* TASK DETAILS: Every line containing the word "News" must be pulled from the records.

Entries taken from a collection
======

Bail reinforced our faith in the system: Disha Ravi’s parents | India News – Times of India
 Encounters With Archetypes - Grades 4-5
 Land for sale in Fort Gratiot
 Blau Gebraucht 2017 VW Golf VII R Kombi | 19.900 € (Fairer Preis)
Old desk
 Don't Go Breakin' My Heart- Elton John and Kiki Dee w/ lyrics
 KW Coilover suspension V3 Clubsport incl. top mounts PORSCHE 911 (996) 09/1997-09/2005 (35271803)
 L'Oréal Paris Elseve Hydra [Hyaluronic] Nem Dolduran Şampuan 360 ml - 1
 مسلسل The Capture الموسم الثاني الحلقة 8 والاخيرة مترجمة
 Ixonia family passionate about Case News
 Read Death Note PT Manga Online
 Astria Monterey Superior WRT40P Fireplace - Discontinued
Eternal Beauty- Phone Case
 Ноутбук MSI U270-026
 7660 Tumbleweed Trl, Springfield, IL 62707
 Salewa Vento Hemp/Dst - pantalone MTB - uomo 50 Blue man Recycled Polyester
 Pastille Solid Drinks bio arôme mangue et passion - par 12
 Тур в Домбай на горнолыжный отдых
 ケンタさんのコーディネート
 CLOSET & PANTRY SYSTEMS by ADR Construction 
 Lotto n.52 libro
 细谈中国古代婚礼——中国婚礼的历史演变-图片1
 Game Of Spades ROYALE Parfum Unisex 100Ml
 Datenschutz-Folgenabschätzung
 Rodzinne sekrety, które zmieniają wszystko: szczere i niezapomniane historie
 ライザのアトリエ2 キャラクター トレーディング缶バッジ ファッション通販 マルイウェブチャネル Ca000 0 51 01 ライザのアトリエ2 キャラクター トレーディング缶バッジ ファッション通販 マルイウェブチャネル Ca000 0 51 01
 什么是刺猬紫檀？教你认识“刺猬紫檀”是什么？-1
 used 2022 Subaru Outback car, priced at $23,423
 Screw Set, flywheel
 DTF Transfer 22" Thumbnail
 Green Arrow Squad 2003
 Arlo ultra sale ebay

======

* RESPONSE TO THE EXERCISE:
Bail reinforced our faith in the system: Disha Ravi’s parents | India News – Times of India
 Ixonia family passionate about Case News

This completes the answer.